Dataset excerpts:

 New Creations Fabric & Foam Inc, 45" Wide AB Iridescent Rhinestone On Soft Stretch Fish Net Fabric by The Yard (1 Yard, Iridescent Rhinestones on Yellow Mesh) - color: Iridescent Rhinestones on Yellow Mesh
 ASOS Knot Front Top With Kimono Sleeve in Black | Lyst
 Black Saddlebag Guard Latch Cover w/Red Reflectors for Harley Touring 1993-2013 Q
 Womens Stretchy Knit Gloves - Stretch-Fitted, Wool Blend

* * *

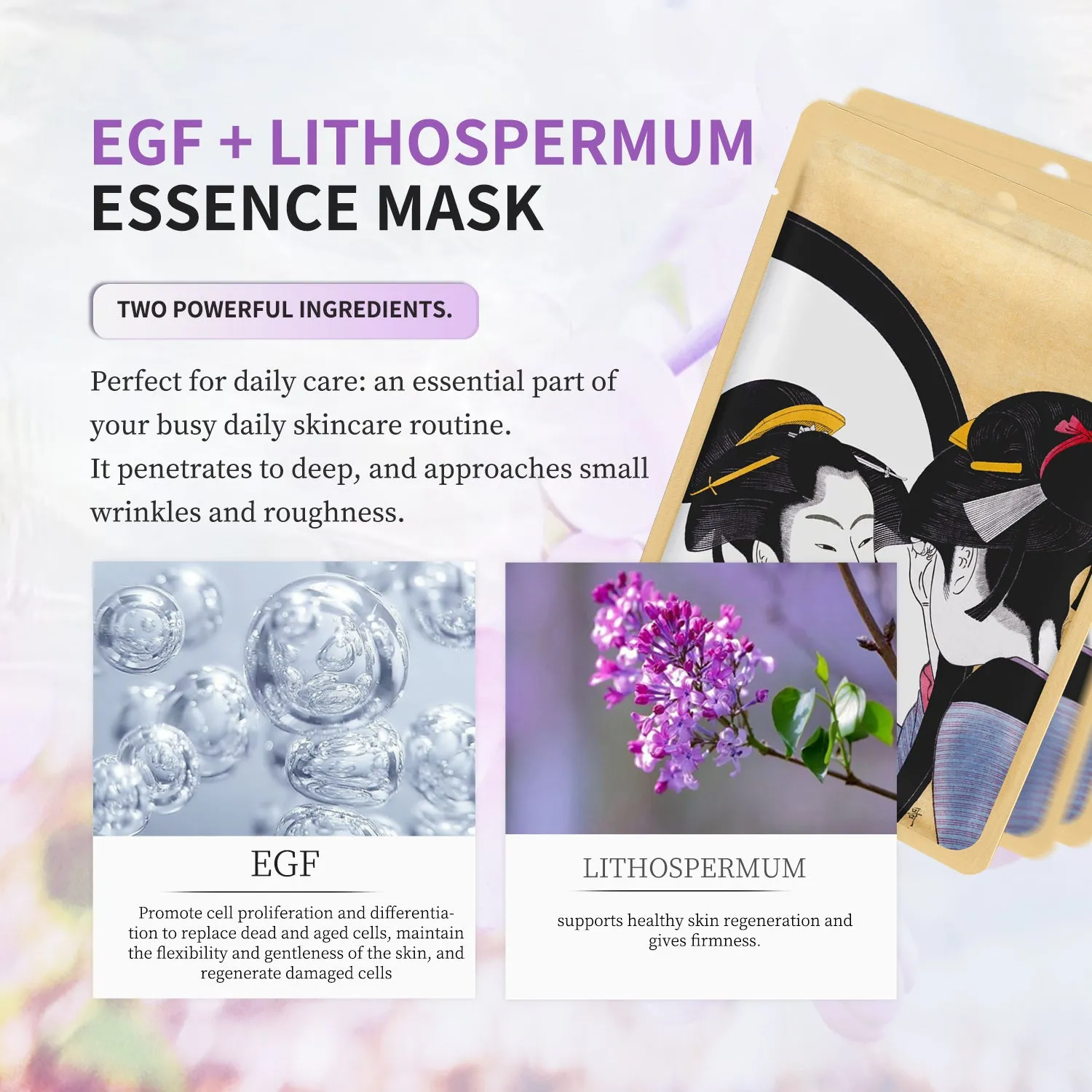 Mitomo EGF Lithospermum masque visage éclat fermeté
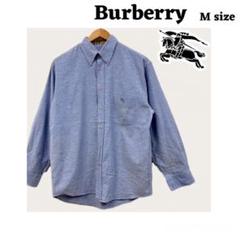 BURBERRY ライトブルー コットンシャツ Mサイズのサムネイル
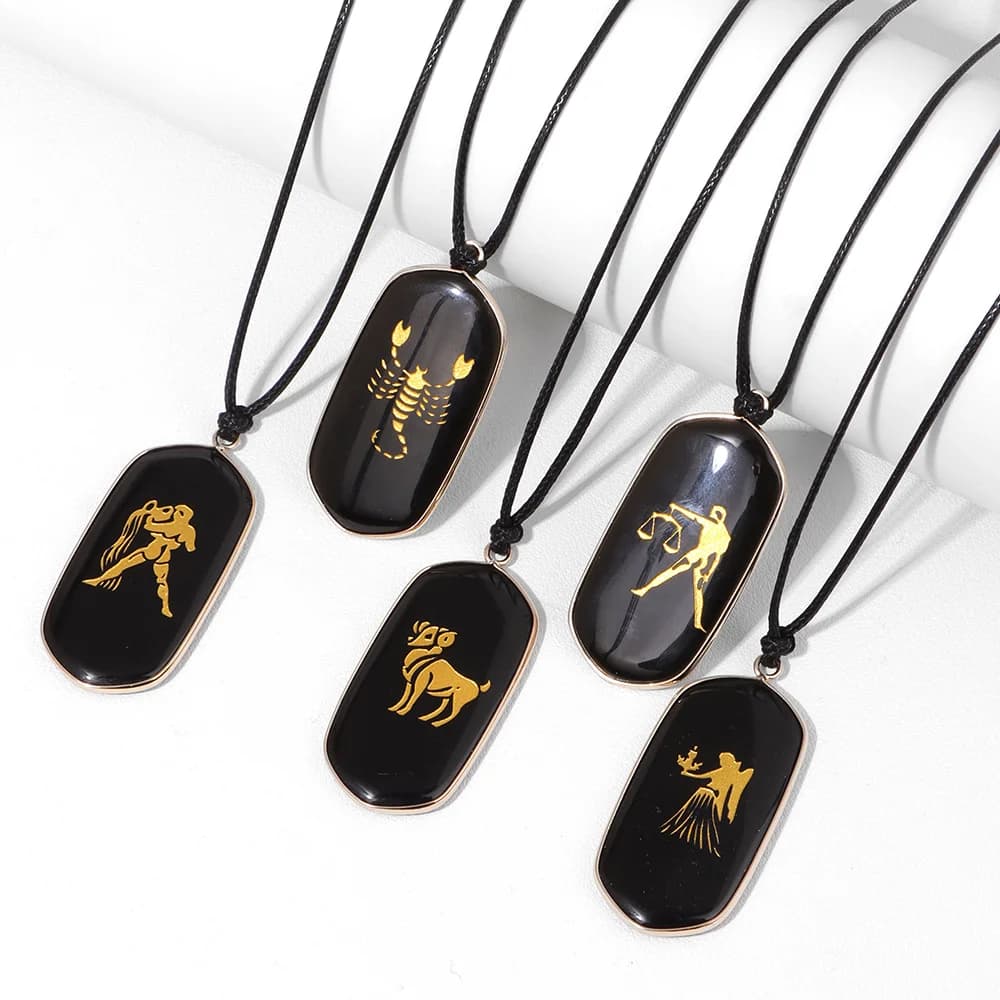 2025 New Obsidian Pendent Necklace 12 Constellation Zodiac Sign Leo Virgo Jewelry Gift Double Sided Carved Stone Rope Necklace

What you have to do: Drop the pictures; return the lines above from the line containing "Mitomo EGF Lithospermum" to the line containing "2025 New Obsidian", both included, exactly.

Answer section:
 Mitomo EGF Lithospermum masque visage éclat fermeté
 BURBERRY ライトブルー コットンシャツ Mサイズのサムネイル
 2025 New Obsidian Pendent Necklace 12 Constellation Zodiac Sign Leo Virgo Jewelry Gift Double Sided Carved Stone Rope Necklace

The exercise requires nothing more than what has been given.